In nursing, as with other fields of education, the use of technology is unavoidable and encouraged. “Nurse educators should consider the positive advantages of these devices to actively engage students in the classroom, as many strategies using the latest advances in technology have been implemented with success. Engaging students with these devices can keep them attracted to the classroom activities. The use of advances in technology is critical to nursing program to prepare students in the uses of technology for the jobs of the future.” (Emory et al., 2021, p. 243).

References
Bakken, J. P., Uskov, V. L., Rayala, N., Syamala, J., Shah, A., Aluri, L., & Sharma, K. (2019). Smart
education and e-learning 2018. In The Quality of Text-to-Voice and Voice-to-Text Software Systems for Smart Universities: Perceptions of College Students with Disabilities (Vol. 99). Springer International Publishing. https://doi.org/10.1007/978-3-319-92363-5_5
Brian Roemmele. (2017, January 8). The 1987 Voice First Doll: Julie by Worlds of Wonder
Commercial [Video]. YouTube. https://www.youtube.com/watch?v=ewu_NBUHePU
David, G. C., Garcia, A. C., Rawls, A. W., & Chand, D. (2009). Listening to what is said – transcribing what
is heard: the impact of speech recognition technology (SRT) on the practice of medical transcription (MT). Sociology of Health &Amp; Illness, 31(6), 924–938. https://doi.org/10.1111/j.1467-9566.2009.01186.x
Emory, J., Teal, T., & Holloway, G. (2021). Electronic note taking technology and academic performance in
nursing students. Contemporary Nurse, 57(3–4), 235–244. https://doi.org/10.1080/10376178.2021.1997148
Hawkins, C. (2022, December 16). The best dictation software in 2023.

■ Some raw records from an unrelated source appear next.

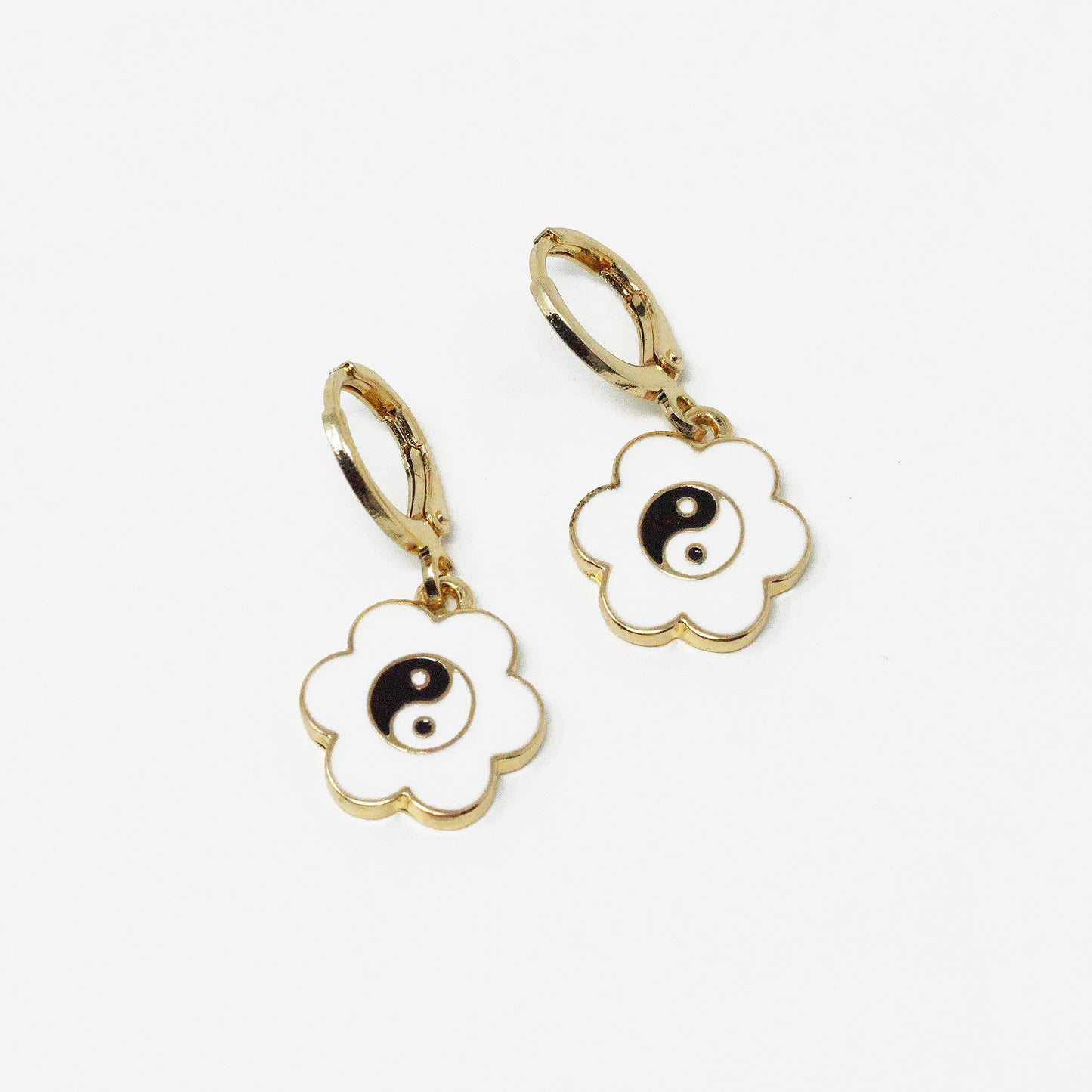 White Flower Ying Yang Earrings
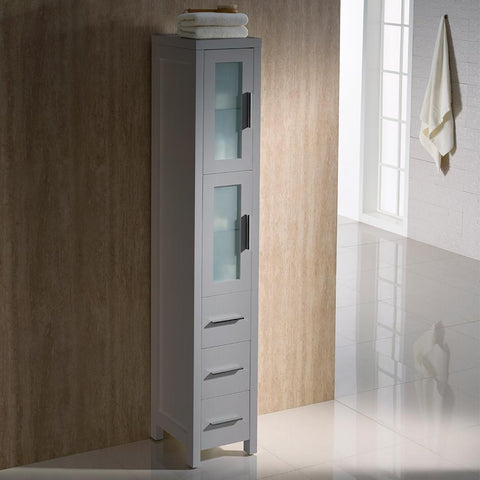 Image of Fresca Torino 12" Gray Tall Bathroom Linen Side Cabinet FST6260GR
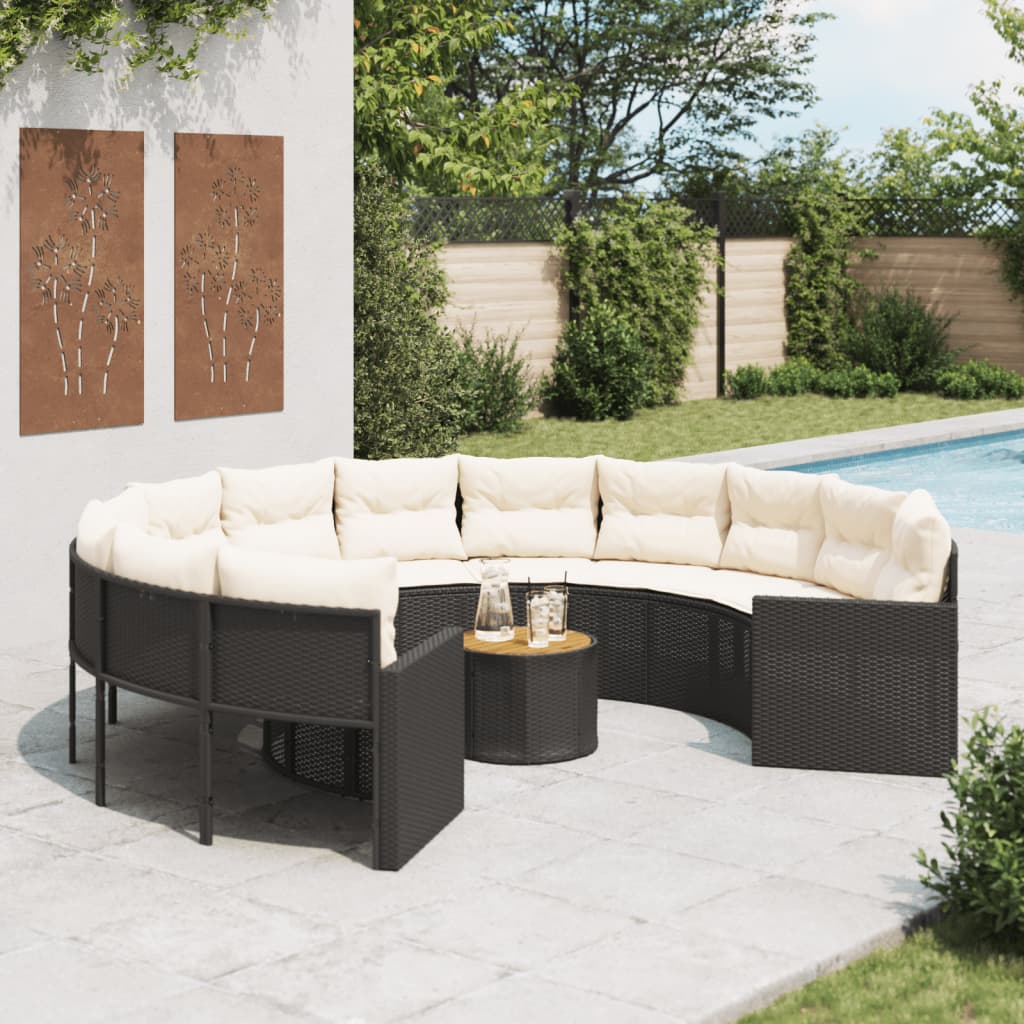 vidaXL Sofa ogrodowa, stolik i poduszki, okrągła, czarny rattan PE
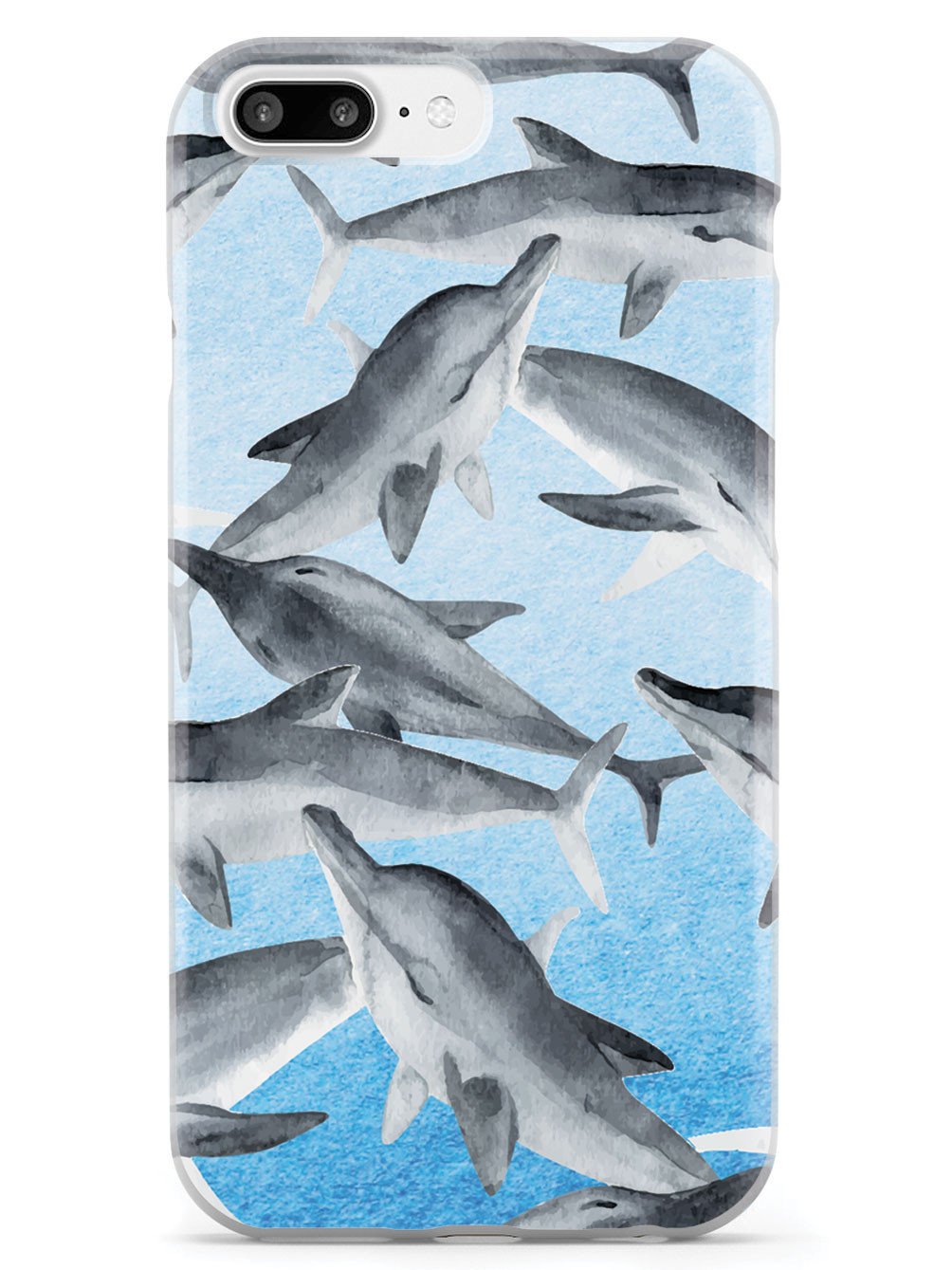 Watercolor Dolphins - White Case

https://zapier.com/blog/best-text-dictation-software/
Moskvitch, K. (2022, February 24). The machines that learned to listen. BBC Future.
https://www.bbc.com/future/article/20170214-the-machines-that-learned-to-listen
Movieclips. (2011, October 27). Star Trek 4: The Voyage Home (7/10) Movie CLIP – The Miracle
Worker (1986) HD [Video]. YouTube. https://www.youtube.com/watch?v=LkqiDu1BQXY
Technologies, S. L. (2022, March 7). Speech Recognition Software: Past, Present, and Future.
Summa Linguae. https://summalinguae.com/language-technology/speech-recognition-software-history-future/
The Scottish Comedy Channel. (2014, November 12). Elevator Recognition | Burnistoun [Video].
YouTube. https://www.youtube.com/watch?v=HbDnxzrbxn4
Uskov, V. L., Bakken, J.P., Howlett, R.J., Jain, L.C., SpringerLink (Online service), & SpringerLink ebooks –
Engineering. (2018; 2017;). In Uskov V.L., Bakken J.P., Howlett R.J. And Jain L.C.(Eds.), Smart universities: Concepts, systems, and technologies. Springer International Publishing. https://doi.org/10.1007/978-3-319-59454-5
Wikipedia contributors. (2023). Turing test. Wikipedia.